Bien sûr, la très grande majorité des spectateurs connaît fidèlement le livret de Don Giovanni, de Káťa Kabanová, de Peter Grimes ou de Frau ohne Schatten, et si un jour on donne à Paris du Moniuszko, je ne doute pas que le public le fredonne dans sa langue originelle. Il suffit pour s’en convaincre de se promener dans le métro aux heures de pointe : l’Avant-Scène opéra y a bien plus de succès que 20 Minutes.

Souffrez donc que je parle pour les autres : ceux qui ne consacrent pas leurs pauses café à lire et relire Lavignac.

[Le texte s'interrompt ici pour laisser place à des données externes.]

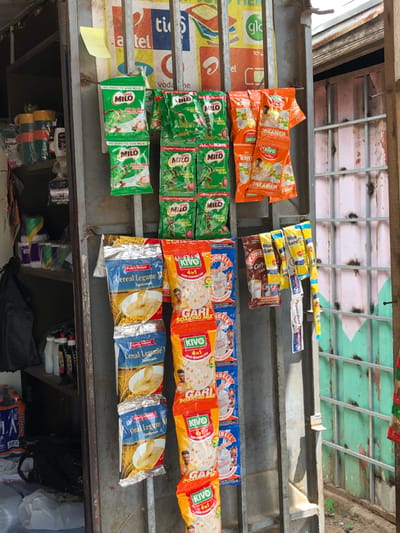 The image displays a detailed street-side retail display within Ngleshi Amanfro, Ghana. The scene centers on a vertical metal grille acting as a merchandise rack, laden with various single-serving packaged goods.
On the upper left, two large green Milo sachets, labeled "No Need to Add Milk," are prominently hung. To their right, two columns each contain four smaller green Milo sachets, marked "Energy to Go Further." Adjacent to these on the upper right, two rows of orange Kivo creamer sachets are suspended.
Below the Milo sachets on the left, three blue and silver sachets of "Cereal Legume Mix," depicting a bowl of cereal, are vertically arranged. Directly to their right, two columns of red and white Kivo "Gari Soaking Mix 4-in-1" sachets are displayed. Further right along the grille, individual sachets of brown Cowbell Coffee, yellow and blue Blue Band margarine, and red and blue "President" branded items are hung.
Behind the metal grille, faded advertisements for mobile network providers such as tiGo, Airtel, Vodafone, Glo, and el are visible. A yellow sticky note is affixed to a metal bar on the upper left.
To the left of the grille, shelving units are partially visible, stocked with items including stacked multi-colored mugs or cups, various plastic bottles, rolls of tissue paper, and transparent plastic bags. A dark bag rests on the ground at the bottom left.
The area to the right of the display grille reveals a corrugated metal wall or barrier, painted in patches of green and a reddish-pink hue, exhibiting paint chipping and signs of wear. The scene is illuminated by natural daylight. No individuals are present in the frame.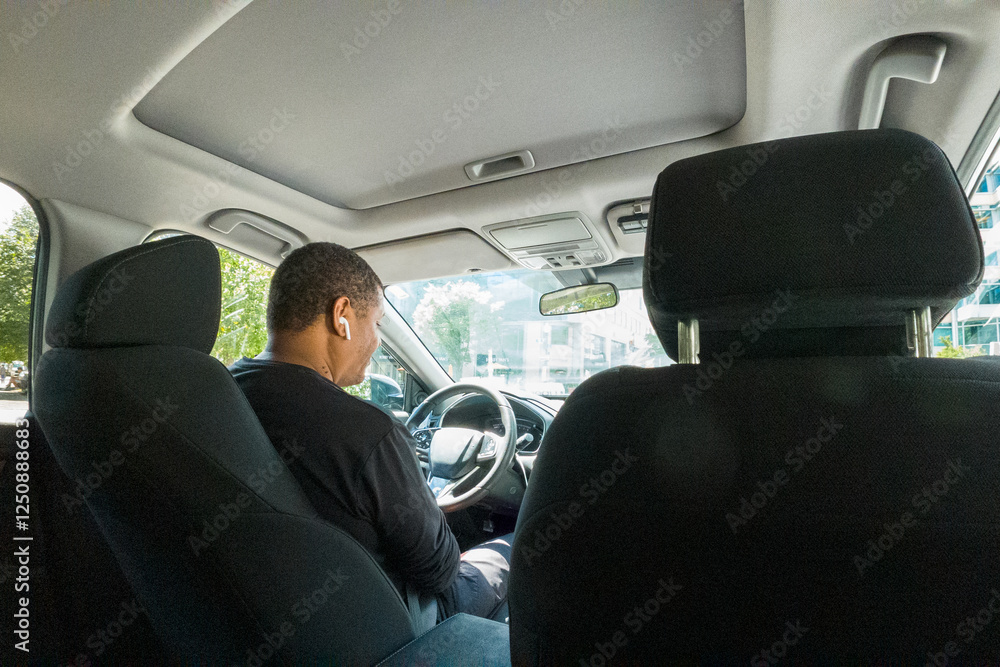 A man is driving a car with a man sitting in the passenger seat A man is driving a car with a man sitting in the passenger seat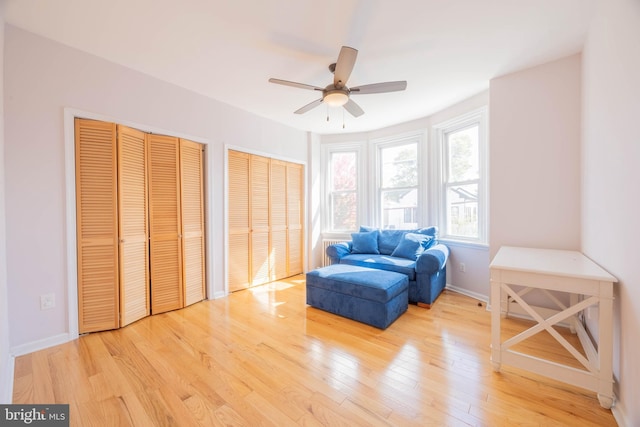 living area with light wood-type flooring and ceiling fan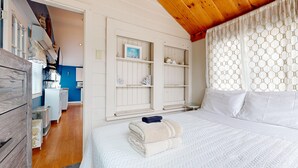 A bedroom with a bed, a window with patterned curtains, and a view of the kitchen. - Sand Life #2 by Bayley Vacation Rentals (Old Orchard Beach)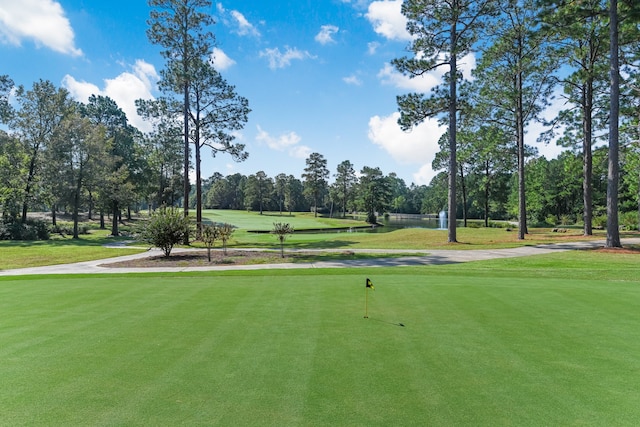 view of home's community featuring a lawn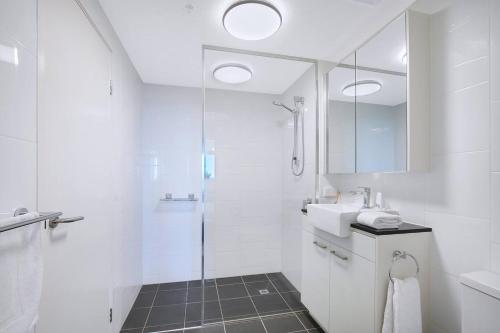 a white bathroom with a shower and a sink at Fall in Love with Waterfront Resort-style Living in Brisbane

Pour ces quelques – et heureusement rares – ignorants, les surtitres sont une bénédiction.

Le surtitre, c’est d’abord du plaisir dans un monde de contraintes. Récapitulons : vous avez payé – cher – votre billet et confié vos enfants à un baby-sitter coûteux. Engoncé dans un fauteuil d’un autre âge, vous faites des contorsions grotesques mais douloureuses pour tenter d’apercevoir un bout de la scène, après avoir avalé un sandwich infâme et hors de prix au foyer. Une fois éteint votre smartphone (argh) et subi les rabrouements excédés de vos voisins lorsque vous avez murmuré : « tu y vois quelque chose, toi ? », vous devez bien vous avouer que vous ne comprenez rien à l’opéra ; alors, le powerpoint de votre chef de service vient brutalement vous renvoyer à la réalité.

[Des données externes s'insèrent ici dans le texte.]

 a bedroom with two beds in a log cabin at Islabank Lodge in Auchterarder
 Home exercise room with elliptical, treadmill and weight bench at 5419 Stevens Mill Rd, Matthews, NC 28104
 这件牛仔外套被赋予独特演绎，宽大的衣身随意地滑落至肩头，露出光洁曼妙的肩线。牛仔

Mais voici qu’on vous propose au milieu de ce naufrage de luxe une bouée de secours : des surtitres. D’un coup, vous voilà moins crétin moins exclu. Ah ah ! Alberich renonce à l’amour ! Evidemment, ça change tout et ça explique les couinements de pucelles des nymphes qui l’entourent. Rasséréné, vous vous dites que l’opéra, c’est bien plaisant car il y a une histoire au fond plutôt bien racontée et, ça ne gâche rien, superbement mise en musique. Mieux : c’est presque un truc à raconter à la machine à café demain. Qui sait ? Pour y faire du prosélytisme…

Car l’élitisme est un problème. Lorsqu’on m’objecte le prix des places, je rétorque qu’un concert de rock ou un match de foot coûtent autant qu’une Traviata. Lorsqu’on me dit que c’est compliqué, je renvoie au livret, accessible par les surtitres. L’opéra, un temps art populaire, ne doit pas mourir d’être un loisir pour happy few. En mettant les livrets à la portée de tous, et en direct, les maisons d’opéra ont accompli un pas immense pour démocratiser l’art lyrique.

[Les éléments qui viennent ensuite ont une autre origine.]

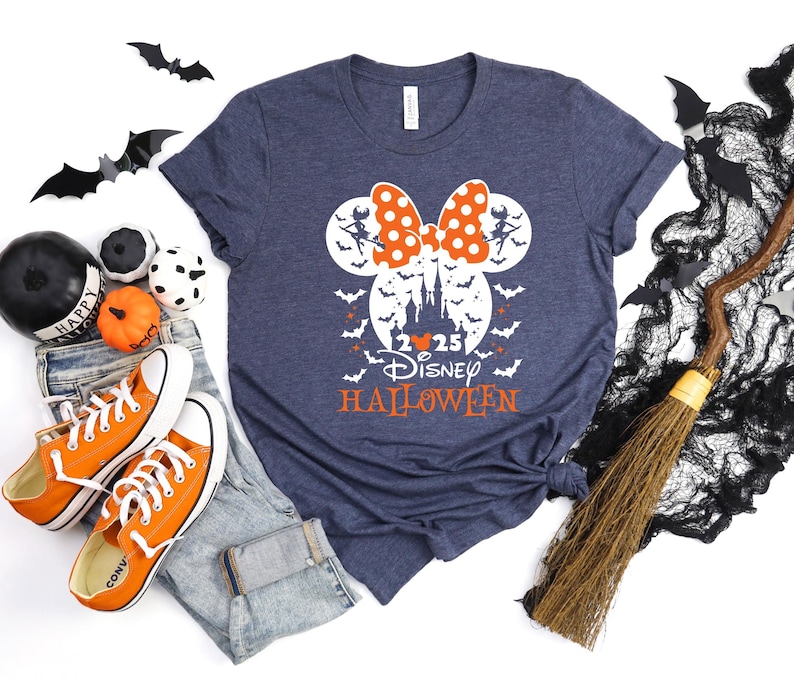 May include: A heather navy blue t-shirt featuring a white graphic of a castle silhouette inside a Mickey Mouse head shape, topped with an orange polka-dot bow. The design includes flying bats, the text 2025 DISNEY HALLOWEEN, and two witch figures.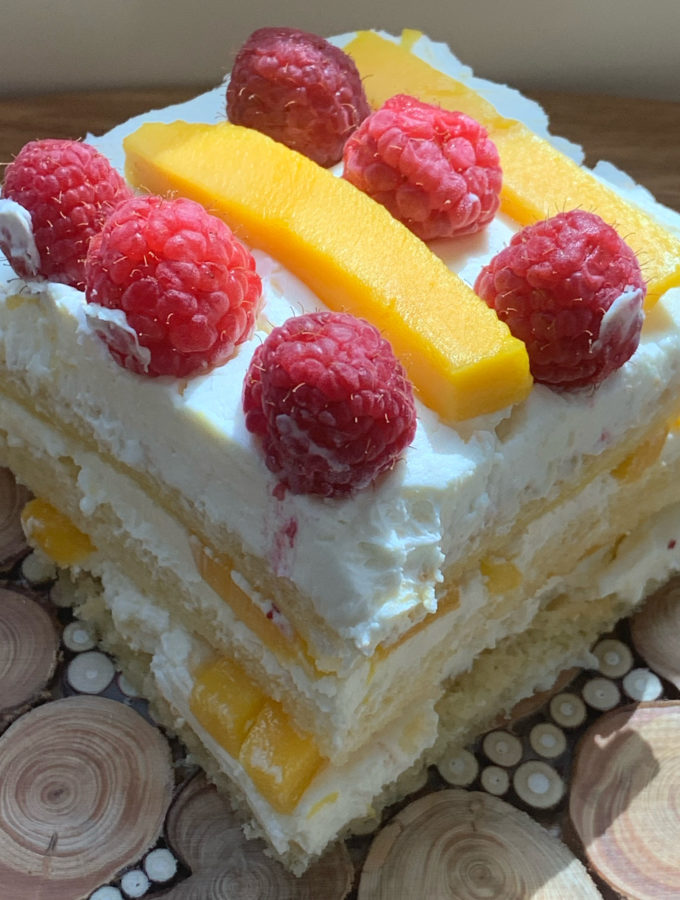 A slice of Mango Passion Fruit Tiramisu cake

Oserais-je ajouter, dans un coming-out rougissant, que bien des fois les surtitres m’ont aidé à suivre une œuvre ? Comme critique, suis-je censé tout connaître par cœur ? S’agissant de créations, évidemment pas. S’agissant de classiques, l’apport des surtitres m’est d’un moindre secours, bien sûr. Mais, parfois, un œil dans les hauteurs vous rappelle une phrase, un dialogues, des mots oubliés. J’y trouve mon compte, d’autant plus que rien ne m’oblige à les lire. C’est juste une liberté à laquelle je ne voudrais en rien renoncer.

Bien sûr, le système n’est pas parfait. Une interruption de service et voici la salle qui s’affole devant une intrigue qui lui échappe. Un décalage d’affichage ou une traduction peu judicieuse et la tragédie devient farce. Un petit coup de flemme et celui qui venait pour de la musique se retrouve à lire, n’écoutant plus que d’une oreille distraite. Sans doute cela dispense-t-il le spectateur de lire le livret, avant ou après le spectacle, pour approfondir ce qu’il découvre sur scène. Mais l’aurait-il fait sinon ? Et est-ce si grave ?

Pour ma part, je suis convaincu que la musique est un plaisir. Les surtitres y jouent un rôle. Ils abolissent une distance, lèvent un coin du voile sur ce spectacle codé, qui a ses initiés. Et si, après avoir découvert les subtilités d’un livret de Da Ponte via des surtitres, il se trouvait parmi ces jeunes lycéens traînés bon gré mal gré sous les dorures, quelques-uns qui seraient tentés d’approfondir le texte, d’écouter un CD ? L’opéra est un roman initiatique : ne durcissons pas à l’excès les épreuves.